Feb. 4 (Bloomberg) -- Universal background checks on people buying guns wouldn’t be effective, Wayne LaPierre, chief executive officer of the National Rifle Association, said during an interview on “Fox News Sunday.”
“It’s a fraud to call it universal,” LaPierre said in the interview broadcast yesterday. “It’s never going to be universal. The criminals aren’t going to comply with it.”
Congress is debating how to reduce gun violence after a Dec. 14 shooting at Sandy Hook Elementary School in Newtown, Connecticut, left 20 children and six school employees dead. President Barack Obama said he backs a ban on sales of assault weapons, a proposal that faces opposition in Congress even as a majority of the public supports it.

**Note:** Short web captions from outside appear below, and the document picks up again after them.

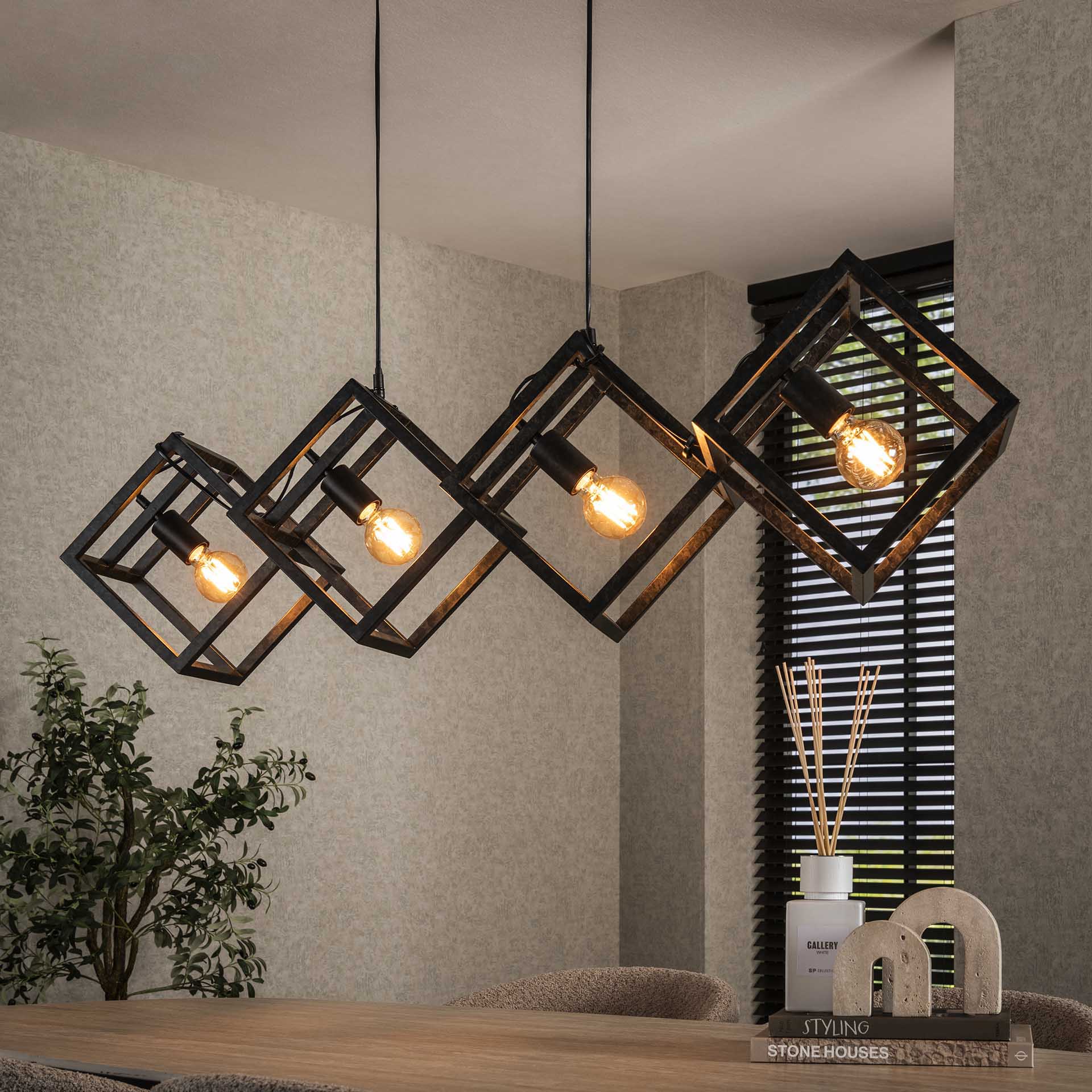 Hängeleuchte Dadi 4-flammig 150×35×150 cm – moderne Würfel-Leuchte aus Metall in Anthrazit, höhenverstellbar, LED geeignet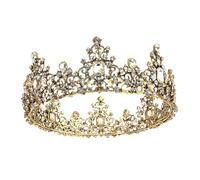 TOPBATHY Vintage Baroque round Crown Headdress for Women Bride Crown Tiara Rhinestones for Wedding Tiaras and Princess Party Decorations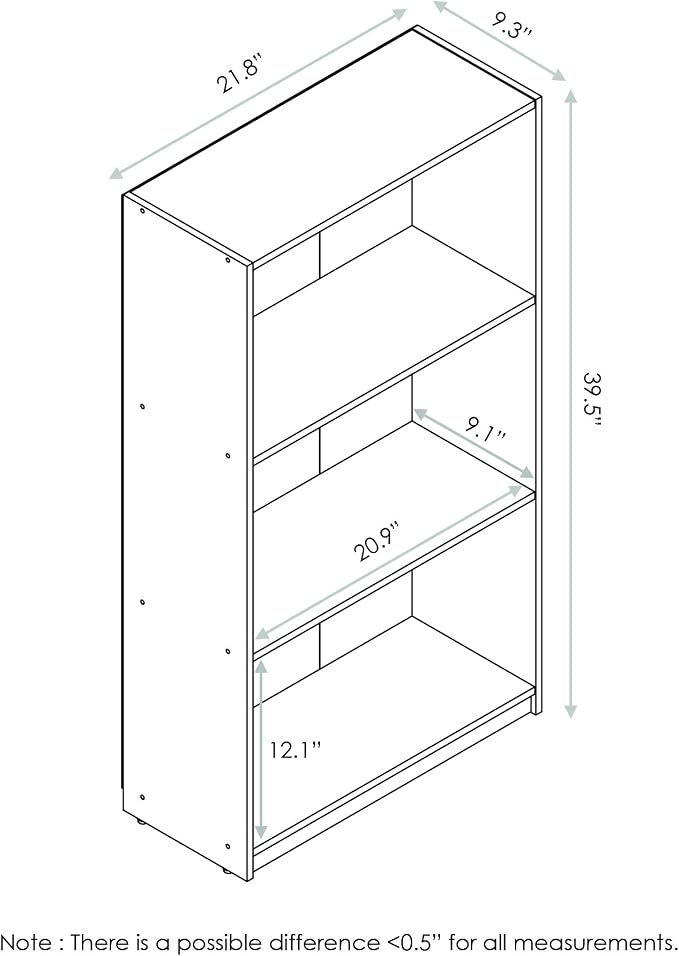 Furinno BASIC Book Shelf, 3-Tier Modern Bookshelf, Bookcase with Open Shelves, 9.3 x 21.8 x 39.5, for Living Room, Bedroom, Home Office, Pink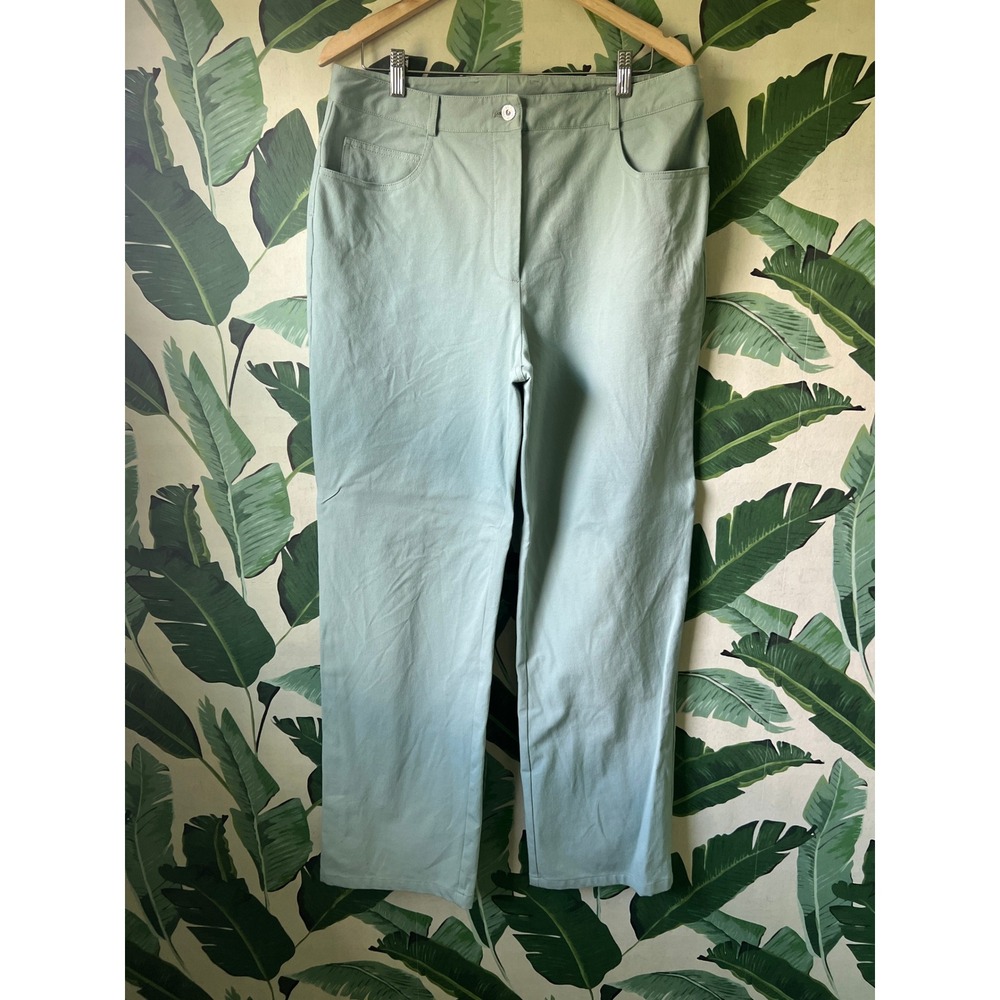 St John Sport Pants Womens 14‎ Sage Green Denim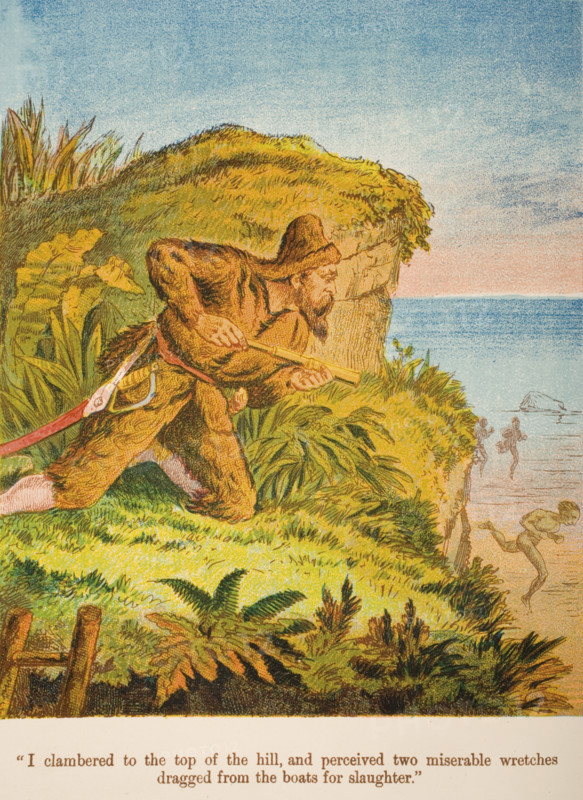 Chromolithographic illustration from Life and Adventures of Robinson Crusoe by Daniel Defoe from a softback edition published circa 1860s.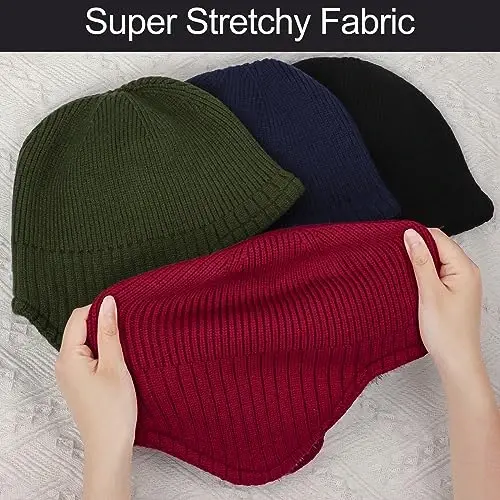 Apoway 4 Pack Qishki Issiq Quloqli Shapka Qalin Fleece Astarlı Quloq Qopqog'i Erkaklar Ayollar uchun Cho'ziluvchan Soat Bosh Suyagi Shapka - 5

LaPierre and Republicans including Senator John Cornyn of Texas have said current laws aren’t properly enforced. Teaching responsible gun ownership, arming security guards in schools and prosecuting criminals can curb violence, LaPierre has said.
LaPierre said on Fox that “if you limit the American public’s access to semi-automatic technology, you limit their ability to survive.”

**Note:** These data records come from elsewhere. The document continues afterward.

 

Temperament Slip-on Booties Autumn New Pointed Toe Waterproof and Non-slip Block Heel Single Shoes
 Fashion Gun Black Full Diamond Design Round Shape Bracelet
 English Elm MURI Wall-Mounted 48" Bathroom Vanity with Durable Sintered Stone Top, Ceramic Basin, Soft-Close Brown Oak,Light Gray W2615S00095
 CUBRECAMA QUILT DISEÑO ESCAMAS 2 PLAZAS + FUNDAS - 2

Senate Majority Leader Harry Reid said on ABC’s “This Week” that he supported expanding background checks.
“We need to increase that,” said Reid, a Nevada Democrat. “I’m still a supporter of the Second Amendment, but you can do things like that.”
Mark Kelly, an astronaut and husband of former U.S. Representative Gabrielle Giffords, an Arizona Democrat who survived a gunshot to the head in 2011, said during the Fox show that broadening background checks would keep guns out of the hands of the mentally ill, criminals and terrorists.

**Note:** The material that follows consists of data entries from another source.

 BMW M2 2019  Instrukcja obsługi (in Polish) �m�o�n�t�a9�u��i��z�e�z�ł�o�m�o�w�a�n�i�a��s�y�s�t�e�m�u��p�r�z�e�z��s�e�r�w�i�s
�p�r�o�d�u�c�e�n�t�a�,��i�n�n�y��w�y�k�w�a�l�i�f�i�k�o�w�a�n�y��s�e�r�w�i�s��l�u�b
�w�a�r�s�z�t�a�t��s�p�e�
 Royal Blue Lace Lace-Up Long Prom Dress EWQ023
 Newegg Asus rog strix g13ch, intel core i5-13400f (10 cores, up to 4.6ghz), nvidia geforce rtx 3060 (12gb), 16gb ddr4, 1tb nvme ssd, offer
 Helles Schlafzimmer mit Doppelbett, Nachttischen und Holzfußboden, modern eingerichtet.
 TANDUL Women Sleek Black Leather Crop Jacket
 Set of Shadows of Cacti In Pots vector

“Common sense tells me that if it is much more difficult for criminals and the mentally ill” to obtain weapons, then “it will save lives,” said Kelly.
Kelly, Reid and Obama all touted their own familiarity with guns this weekend. The White House released a photo of Obama skeet-shooting at Camp David last August.
Reid said that “I don’t hunt anymore, but I did. I’ve got lots of guns.”
“My dad killed himself, shot himself with a gun,” Reid said on ABC. “So I know a lot about guns.”
Kelly, a former Navy captain, said, “I spent 25 years in the military and I know the value of having an assault weapon. It’s to kill a lot of people very quickly.”
Kelly said that 1.7 million people have been prevented from buying weapons due to background checks since 1999. Some have been able to get around the rejection by buying weapons at gun shows or from private sellers.
“We have to make sure they don’t have a second way of getting a gun,” Kelly said.
California Senator Dianne Feinstein, a Democrat, introduced a bill on Jan. 24 to ban certain assault weapons and limit high-capacity magazines to 10 rounds. It would exempt all assault weapons legally possessed prior to passage of the law and exclude more than 2,200 hunting and sporting rifles. A 1994 assault-weapons ban, signed by then-President Bill Clinton, expired in 2004.
Jared Lee Loughner fired 31 bullets in 15 seconds in the Tucson, Arizona, shooting two years ago that injured Giffords and killed six other people. He was tackled while reloading. Kelly said limiting the magazines to 10 rounds would have stopped Loughner sooner.
In 2011, federal weapons prosecutions per capita were down 35 percent from their peak during the previous administration, LaPierre said during a Jan. 30 congressional hearing where Giffords told Congress “you must act” to curb gun violence.